Male student with head in hands surrounded by books.

One feeling which I have become very accustomed to throughout my life is anxiety. On many occasions, I feel an enormous pressure to complete a task or intense anticipation for a certain event which I find hard to ignore. This force has been both a powerful motivator and an almost insurmountable obstacle in my life. I am not sure if I will ever be completely rid of it.

When I feel anxious, my mind becomes clouded, oblivious to everything around me except for the task at hand. As my anxiety grows, individual details begin to overshadow other aspects of my activities, standing out like large towers looming in my mind. My worrying also takes a physical toll on me, causing me to feel moments of weakness and to get ill. It takes much encouragement from the people around me, mainly my mother, for me to stop becoming so obsessed.

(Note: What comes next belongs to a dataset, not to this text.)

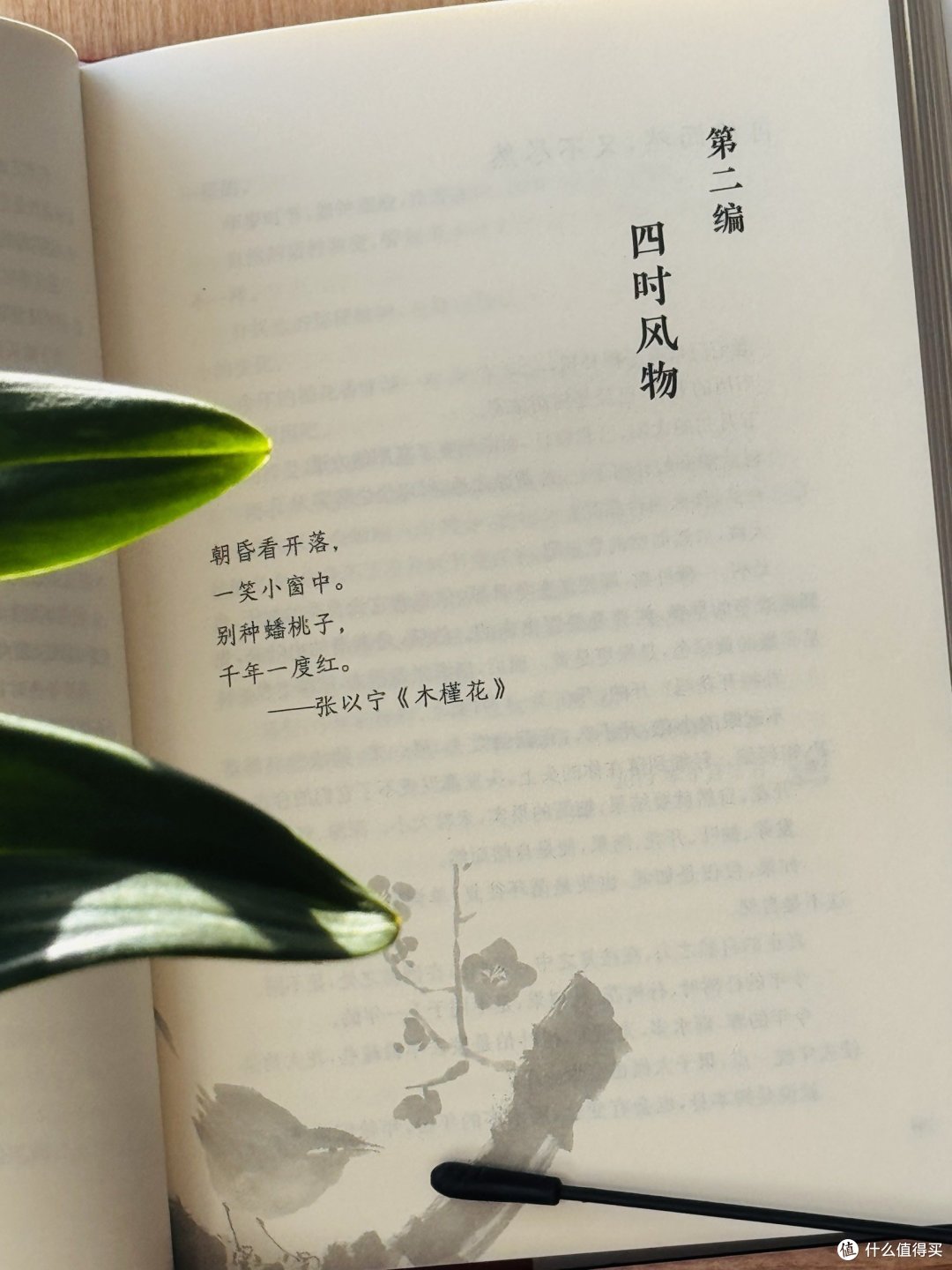人间烟火气,最抚凡人心——《从灶间到舌尖》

My time in college has provided many examples of how anxiety affects my everyday life. In the days leading up to each semester, I check the college website daily for when my classes will be put up, becoming more anxious with each passing day when they are not. Once classes do start, I then become obsessed with my assignment deadlines, working feverishly to fulfill all of the requirements for each and worrying about every last detail. Even when my assignments are finished, I begin to worry about what my final grades will be for each submission, the class as a whole, and my collective grade point average. The presence of so many details in one setting tends to overwhelm me to the point where I think that I am suffering the academic equivalent of not seeing the forest for the trees.

Anxiety recently played a significant role in my preparation for the current college semester. I was at the college bookstore with my mother looking for the textbooks I would need for my classes. I became anxious as soon as I got into the store. I was not able to take in my surroundings and I headed directly for the cash register without realizing there were people in line ahead of me cashing out. My mother had to point out to me that there were people ahead of me and that I needed to get out of their way. The crowded situation in the store caused me to feel a bit claustrophobic. We spent a minute or two finding the books on our own, during which time I became worried that they would either be sold out or unavailable. One of the store’s employees helped us find the remaining books I needed, but I became somewhat uncomfortable around him, just as I would around anyone I do not normally interact with on a regular basis. Also, there was a line of people in front of the store’s cash register, meaning that my anxieties grew the longer we waited for our checkout time to come. Furthermore, because of my spatial issues when people are too close to me, it became uncomfortable as people passed in front of and behind me to get where they wanted to go. I am glad that this ritual of my college life only happens about twice a year, but when it does come around, I always feel uncomfortable about it.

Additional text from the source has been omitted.